Commentary: Middlebury's Messy Voter Rolls Suggests a Larger Problem

Vermont’s poorly maintained voter lists are placing the integrity of our 2022 election at risk, as newly uncovered evidence from the 2020 election shows.

For this investigation, the Ethan Allen Institute chose the years 2015-19 because there was a good chance that these students had registered to vote in the 2016 and 2018 elections, and upon graduating, we suspected that they may not have been removed from Middlebury’s voter roll. We gathered Middlebury College’s list of graduating students from 2015-19 and a list of all Middlebury citizens who voted in the 2020 election. After cross-referencing these documents, we found eighteen individuals who graduated in this four-year time period who voted in the 2020 election.

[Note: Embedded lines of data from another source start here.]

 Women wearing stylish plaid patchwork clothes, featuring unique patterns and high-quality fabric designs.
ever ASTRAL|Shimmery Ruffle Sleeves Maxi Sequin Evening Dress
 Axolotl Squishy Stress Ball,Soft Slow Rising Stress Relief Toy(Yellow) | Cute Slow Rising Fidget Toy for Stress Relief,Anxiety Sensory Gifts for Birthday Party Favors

Upon further examination, we discovered that eight of these individuals had voted legally because they had stayed in the Middlebury area after graduation, according to their LinkedIn profiles. But the other ten graduates had left the Middlebury area. Some of them moved across the country, while others returned home to Egypt and Singapore, according to their LinkedIn profiles. While one individual living in California since 2016 was recorded as voting in person in Middlebury, the other nine graduates had absentee ballots mailed in their names.

Five of the nine absentee voters still had their old Middlebury student addresses on file, suggesting that other individuals living near those addresses had mailed in these ballots. The other four absentee voters received ballots at mailing addresses in other states and countries, which could have been mailed in by these graduates or by other individuals at those addresses. Thankfully, these ten votes are not enough to call into question the legitimacy of Middlebury’s 2020 election. However, given the slim margins of some recent Vermont elections, this possibility remains for future elections.

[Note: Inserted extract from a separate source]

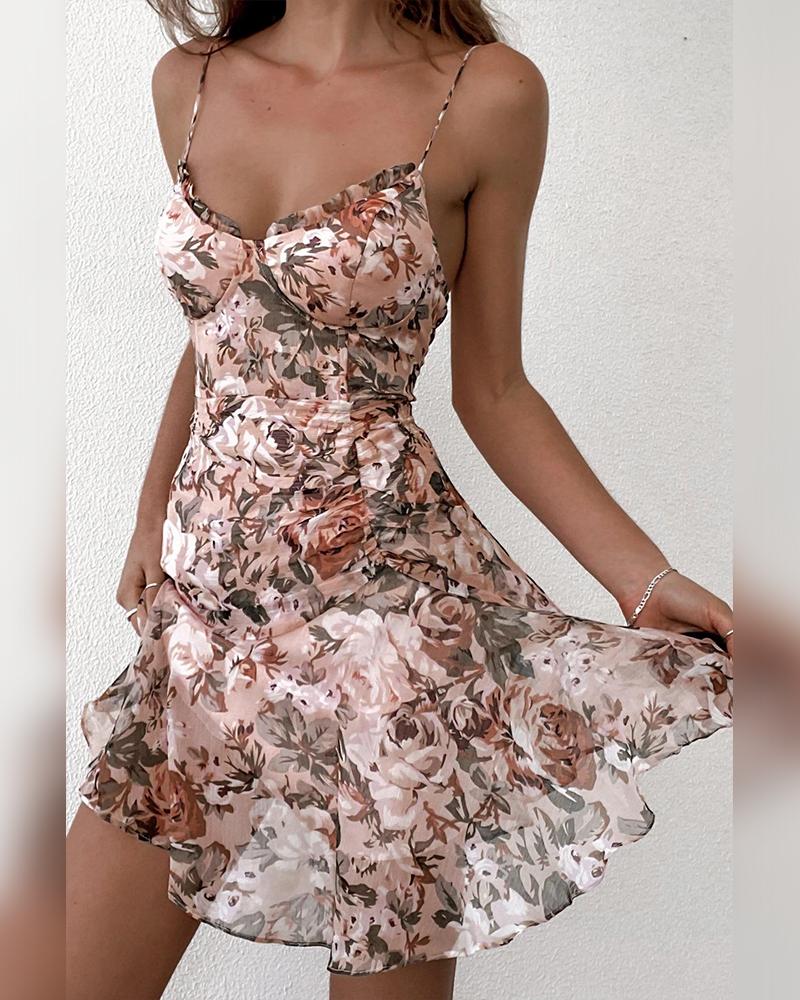 

Floral Print Spaghetti Strap Slinky Mini Dress, Pink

It is important to note that is not a one-off incident. Eleven individuals from Connecticut were struck from Vermont voter rolls in 2018 after they voted in Victory’s 2017 Town Meeting, about 13% of all residents of Victory. And in December 2021, three individuals from the town of Peru tried to vote in a local school election for the town of Windham.

Due to Vermont’s hastily implemented absentee ballot measures in 2020, we will likely never know who cast those nine absentee ballots, or the extent to which mass distribution without signature verification of absentee ballots is problematic. Vermont’s Secretary of State decided our mass absentee balloting experiment (with fewer safeguards that any other state) was a success before the 2020 election concluded, leaving the office unwilling (so far) to look for evidence to the contrary.

The Ethan Allen Institute (EAI) has shared information about these ten individuals to Vermont’s Secretary of State, Attorney General, and Middlebury’s town clerks, while withholding their names from the public to protect their privacy.

We have urged them to be on the lookout for voter irregularities across the state.

Vermont’s electoral security lapses are fixable if steps are taken immediately. Voter rolls in Vermont have not been cleaned in decades. Will they be cleaned and updated in time for absentee ballots to be mailed in September? We encourage our fellow Vermonters to reach out to local and state officials to demand these critical changes. After all, a secure election process earns the confidence of all citizens and forms the bedrock of a stable democracy.